Published online by Cambridge University Press: 10 March 2010
*George Orwell.
"Culture and Classes."
Observer, 28 November
1948, p. 4.
In Notes Towards the Definition of Culture, Mr. T. S. Eliot argues that a truly civilized society needs a class system as part of its basis. He is, of course, only speaking negatively. He does not claim that there is any method by which a high civilization can be created. He maintains merely that such a civilization is not likely to flourish in the absence of certain conditions, of which class distinctions are one.
This opens up a gloomy prospect, for on the one hand it is almost certain that class distinctions of the old kind are moribund, and on the other hand Mr. Eliot has at the least a strong prima facie case.

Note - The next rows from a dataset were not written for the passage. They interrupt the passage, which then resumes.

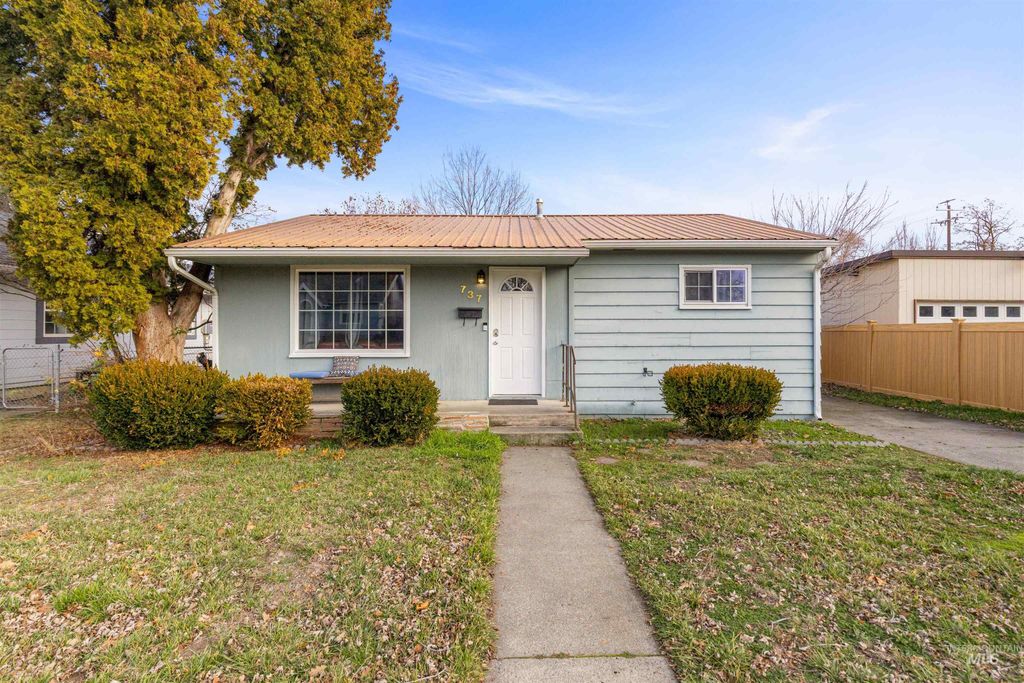 Photo of 737 4th Street, Clarkston, WA 99403 (MLS # 98973089)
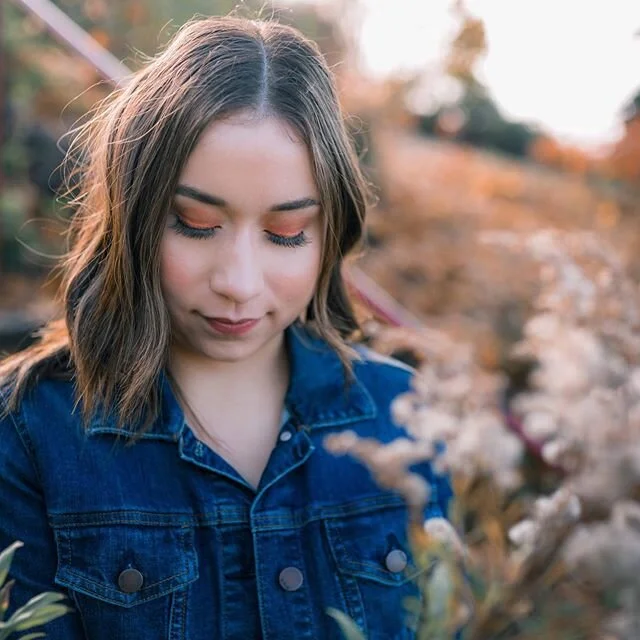 Alondra is another stunning 2020 senior who I had the pleasure to meet and get to know during our photo session. I love her sense of style and her incredible eyes!! Alondra has kept busy watching Lucifer on Netflix, baking and hiking. She misses havi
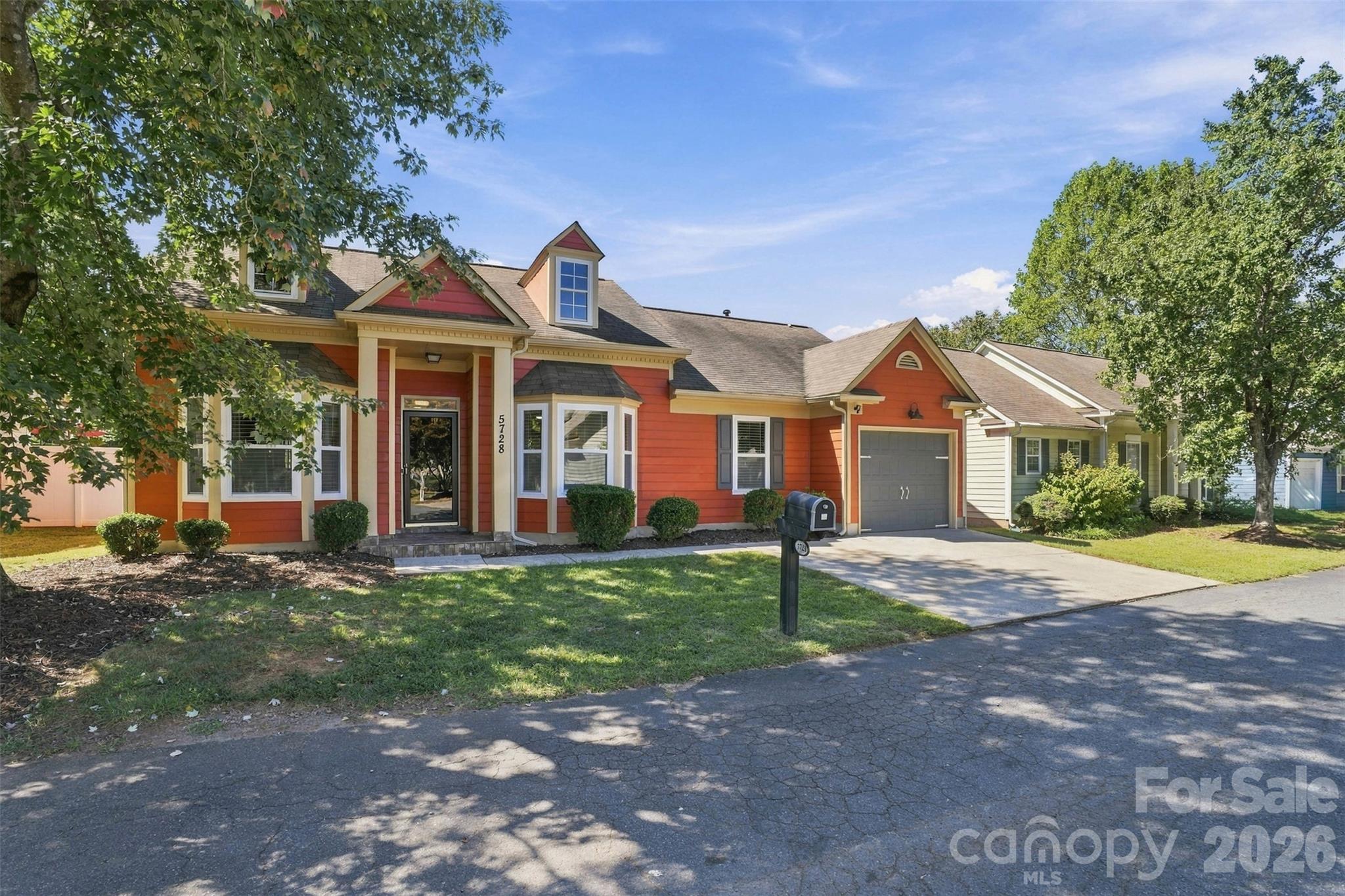 5728 Ebley Loop Property Photo 4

The essence of his argument is that the highest levels of culture have been gained only by small groups of people—either social groups or regional groups—who have been able to perfect their traditions over long periods of time. The most important of all cultural influences is the family, and family loyalty is strongest when the majority of people take it for granted to go through life at the social level at which they were born. Moreover, not having any precedents to go upon, we do not know what a classless society would be like. We know only that, since functions would still have to be diversified, classes would have to be replaced by “élites,” a term Mr. Eliot borrows with evident distaste from the late Karl Mannheim.